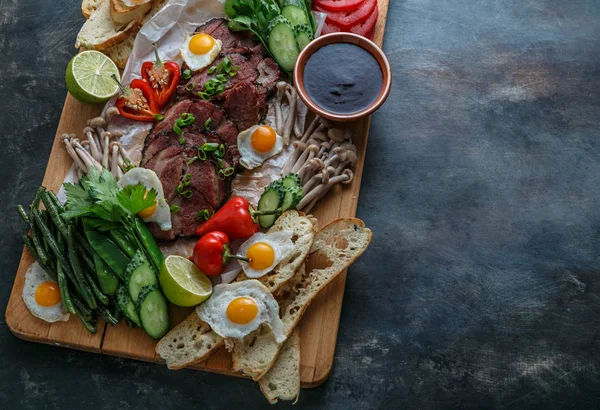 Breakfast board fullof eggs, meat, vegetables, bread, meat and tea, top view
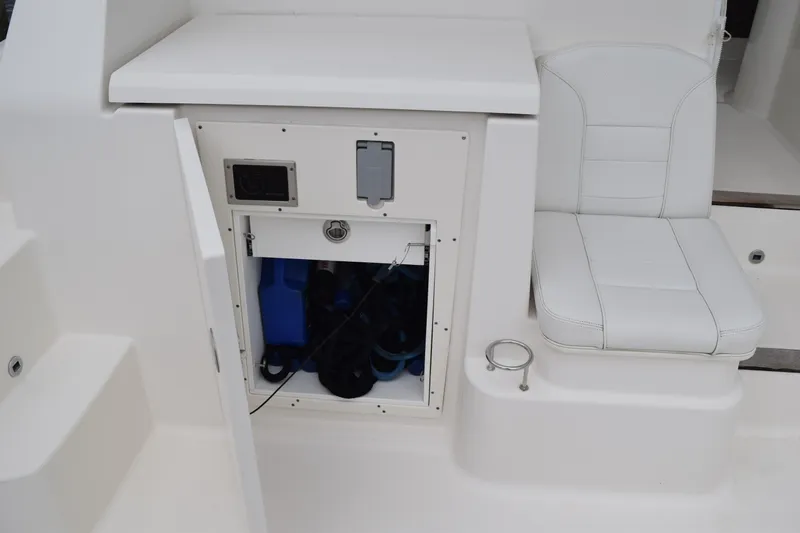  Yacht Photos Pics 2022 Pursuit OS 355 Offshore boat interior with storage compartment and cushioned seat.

________

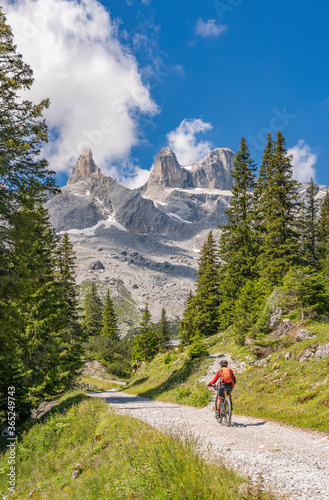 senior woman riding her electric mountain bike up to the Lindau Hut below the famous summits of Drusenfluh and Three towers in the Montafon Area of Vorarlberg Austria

________

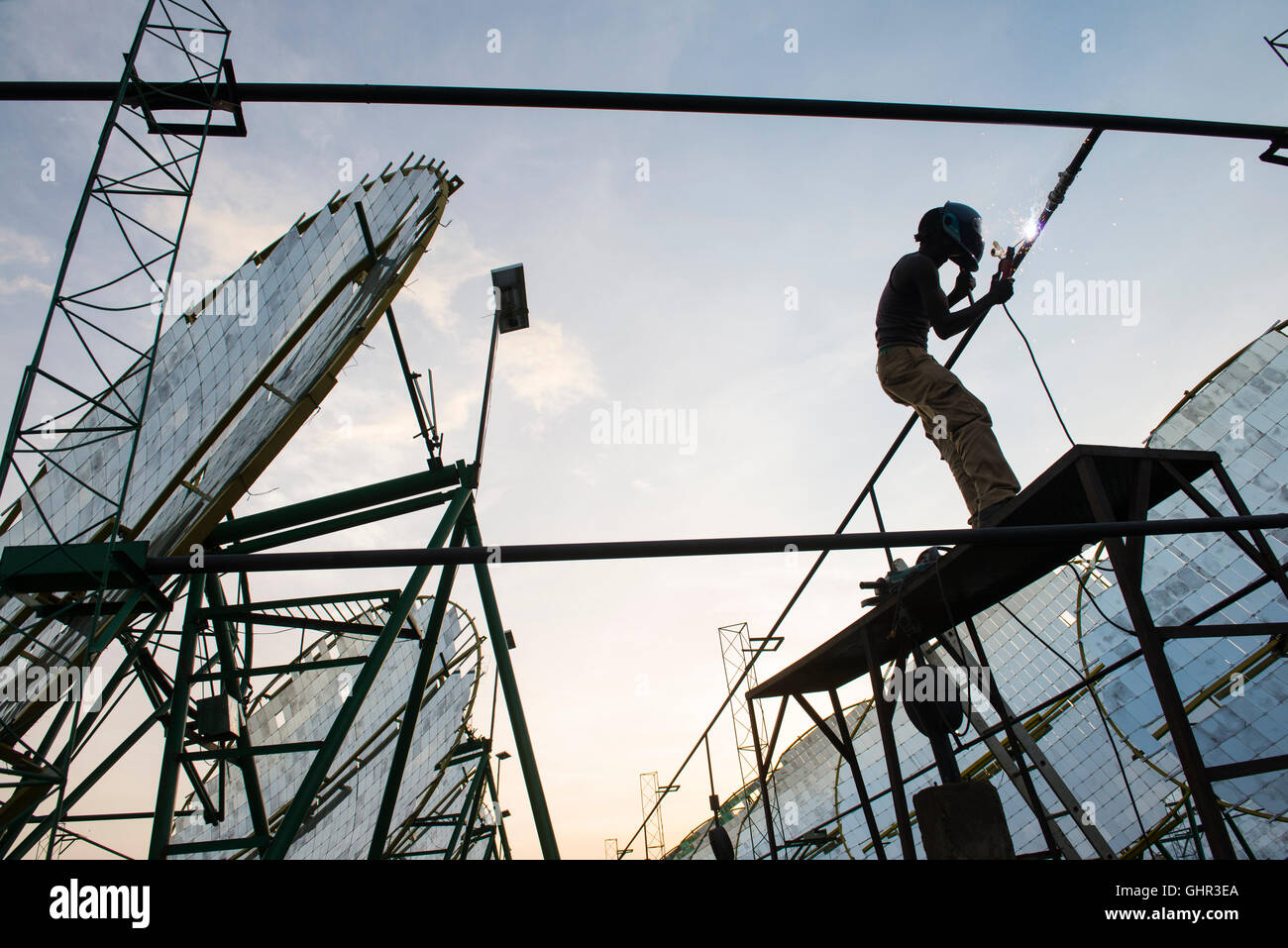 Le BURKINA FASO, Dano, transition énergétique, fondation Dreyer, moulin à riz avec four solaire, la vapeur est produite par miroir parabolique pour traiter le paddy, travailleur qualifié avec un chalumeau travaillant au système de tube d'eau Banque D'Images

________

Required action: Copy the lines above exactly, starting at the one with "Breakfast board fullof" and ending at the one with "Yacht Photos Pics", both included. Leave out any pictures and add nothing else.

Your response:
 Breakfast board fullof eggs, meat, vegetables, bread, meat and tea, top view
  Yacht Photos Pics 2022 Pursuit OS 355 Offshore boat interior with storage compartment and cushioned seat.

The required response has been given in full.